How could you not smile back at that?!

But there are the odd few people, that will either ignore him (which doesn’t bother me too much, maybe they’re just not baby people…or just shy!) but there are some the will look at me and then look at my boys in utter disgust, reminiscing over previous unwelcome comments from people with a similar frown, I assume they are thinking something along the lines of…

“She’s too young to be a mum to two kids”….(I’m 23, but apparently look about 16!)

“They’re too close together in age!”…..(10.5 months between my boys…and I’m proud)

“How dare she take that much space up with a side-by-side buggy” (I refuse to have a pram where I can’t see one or either of my children, I want to see them both clearly all of the time)

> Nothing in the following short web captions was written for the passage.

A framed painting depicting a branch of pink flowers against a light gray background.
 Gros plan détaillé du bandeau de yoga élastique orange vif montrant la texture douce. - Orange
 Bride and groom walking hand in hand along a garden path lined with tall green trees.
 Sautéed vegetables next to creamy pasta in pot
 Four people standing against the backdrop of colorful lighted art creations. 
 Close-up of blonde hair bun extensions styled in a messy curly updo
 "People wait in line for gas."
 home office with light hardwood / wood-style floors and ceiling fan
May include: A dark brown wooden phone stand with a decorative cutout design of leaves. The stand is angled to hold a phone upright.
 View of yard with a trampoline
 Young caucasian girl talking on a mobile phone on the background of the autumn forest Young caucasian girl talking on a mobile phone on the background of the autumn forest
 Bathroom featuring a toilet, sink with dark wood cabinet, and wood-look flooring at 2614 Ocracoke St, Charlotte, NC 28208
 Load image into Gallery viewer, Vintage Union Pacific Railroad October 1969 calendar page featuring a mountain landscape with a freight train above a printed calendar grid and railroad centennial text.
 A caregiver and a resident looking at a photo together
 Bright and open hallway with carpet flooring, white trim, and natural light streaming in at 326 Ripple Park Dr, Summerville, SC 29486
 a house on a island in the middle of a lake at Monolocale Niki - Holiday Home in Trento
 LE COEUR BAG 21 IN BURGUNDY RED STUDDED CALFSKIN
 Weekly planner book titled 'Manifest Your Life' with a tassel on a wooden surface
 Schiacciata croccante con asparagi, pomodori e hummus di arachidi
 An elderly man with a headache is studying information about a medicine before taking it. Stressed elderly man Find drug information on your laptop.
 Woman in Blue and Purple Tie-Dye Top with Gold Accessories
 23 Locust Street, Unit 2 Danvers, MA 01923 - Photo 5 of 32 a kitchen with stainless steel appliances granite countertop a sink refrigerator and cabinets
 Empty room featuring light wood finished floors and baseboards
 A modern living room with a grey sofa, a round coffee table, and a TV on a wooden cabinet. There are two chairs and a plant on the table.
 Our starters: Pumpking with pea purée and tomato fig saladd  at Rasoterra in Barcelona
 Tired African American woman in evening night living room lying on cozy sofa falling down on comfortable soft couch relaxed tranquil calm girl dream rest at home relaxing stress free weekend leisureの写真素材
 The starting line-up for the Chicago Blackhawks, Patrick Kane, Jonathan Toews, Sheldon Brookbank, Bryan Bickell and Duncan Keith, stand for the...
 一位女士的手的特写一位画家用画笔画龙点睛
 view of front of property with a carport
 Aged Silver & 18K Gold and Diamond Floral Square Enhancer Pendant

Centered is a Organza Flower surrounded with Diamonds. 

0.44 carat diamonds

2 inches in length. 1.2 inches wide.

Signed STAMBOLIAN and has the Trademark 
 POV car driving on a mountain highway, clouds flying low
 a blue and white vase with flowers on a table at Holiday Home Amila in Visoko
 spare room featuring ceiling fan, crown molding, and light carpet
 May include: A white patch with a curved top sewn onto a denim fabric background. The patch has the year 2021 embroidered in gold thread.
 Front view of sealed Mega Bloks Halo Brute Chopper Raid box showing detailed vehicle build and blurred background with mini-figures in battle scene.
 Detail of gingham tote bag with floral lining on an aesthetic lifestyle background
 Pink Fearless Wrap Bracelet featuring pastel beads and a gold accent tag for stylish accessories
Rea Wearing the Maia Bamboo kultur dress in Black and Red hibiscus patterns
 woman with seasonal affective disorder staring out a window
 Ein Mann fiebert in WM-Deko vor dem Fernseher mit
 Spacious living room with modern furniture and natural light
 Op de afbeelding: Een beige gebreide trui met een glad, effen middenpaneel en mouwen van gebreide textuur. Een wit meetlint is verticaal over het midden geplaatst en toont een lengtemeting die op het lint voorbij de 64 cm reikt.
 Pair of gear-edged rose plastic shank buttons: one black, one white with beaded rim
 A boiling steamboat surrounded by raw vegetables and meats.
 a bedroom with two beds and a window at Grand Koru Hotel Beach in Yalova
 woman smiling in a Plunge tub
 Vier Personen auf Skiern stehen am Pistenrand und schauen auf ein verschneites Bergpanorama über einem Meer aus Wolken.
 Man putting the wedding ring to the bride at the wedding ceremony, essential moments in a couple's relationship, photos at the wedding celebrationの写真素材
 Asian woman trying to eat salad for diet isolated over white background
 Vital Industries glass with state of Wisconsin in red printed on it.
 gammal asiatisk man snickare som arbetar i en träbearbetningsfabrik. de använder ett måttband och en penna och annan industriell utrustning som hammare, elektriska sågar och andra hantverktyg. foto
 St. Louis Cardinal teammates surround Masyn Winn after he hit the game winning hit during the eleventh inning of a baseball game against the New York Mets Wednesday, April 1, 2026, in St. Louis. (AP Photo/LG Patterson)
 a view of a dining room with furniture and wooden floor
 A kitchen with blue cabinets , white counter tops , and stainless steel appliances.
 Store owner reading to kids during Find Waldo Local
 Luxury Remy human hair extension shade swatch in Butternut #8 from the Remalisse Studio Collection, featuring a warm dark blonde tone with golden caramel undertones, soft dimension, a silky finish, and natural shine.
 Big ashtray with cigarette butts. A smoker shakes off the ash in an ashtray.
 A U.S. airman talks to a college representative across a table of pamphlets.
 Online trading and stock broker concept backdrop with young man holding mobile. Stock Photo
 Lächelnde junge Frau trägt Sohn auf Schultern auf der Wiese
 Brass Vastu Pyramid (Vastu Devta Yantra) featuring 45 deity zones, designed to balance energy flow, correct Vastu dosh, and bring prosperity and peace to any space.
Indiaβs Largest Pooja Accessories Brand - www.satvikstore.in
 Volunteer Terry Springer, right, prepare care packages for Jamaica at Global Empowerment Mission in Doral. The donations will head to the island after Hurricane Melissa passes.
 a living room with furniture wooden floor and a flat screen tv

These glances I’ve become accustomed too, but today I had a new experience completely. As we strolled down the baby aisle of Sainsburys we saw a little girl toddling alongside her Daddy who couldn’t have been much older than Jack, she looked like she was enjoying herself and burning energy (two birds…one stone). Since the store wasn’t busy and had rather wide aisles we decided to let Jack free, not that he’d run far or get away very quickly in his huge snow suit. As he was toddling along, I was surprised and impressed that he wasn’t interested in the breakable items on the store shelves, but loved the signs hanging from the ceiling, not the he’d have a hope of reaching them, but he was giggling away and running under one, then on to the next and so on.

As he was running along giggling away, not causing any mayhem (trust me he can cause mayhem and this wasn’t) yet the people he passed grinning ear to ear at, responded with frosty glares. Luckily Jack is too young to notice and carries on regardless, unfortunately I notice, I enjoy the odd smile you get in return from strangers as the watch your child chuckling hysterically. But today was different, today there were no friendly glances.

I’m his mother so I’m biased to his cuteness, but how am I supposed to teach my child to enjoy life and that a smile given is a smile returned, if passers by won’t take two seconds to crack a smile, as they say it takes more effort to frown than it does to smile!

So strangers, I beg you, whatever your opinion of children, if an innocent toddler passes you by and thinks you are fascinating enough to beam a smile at, then just take the time, only a moment to smile back at them.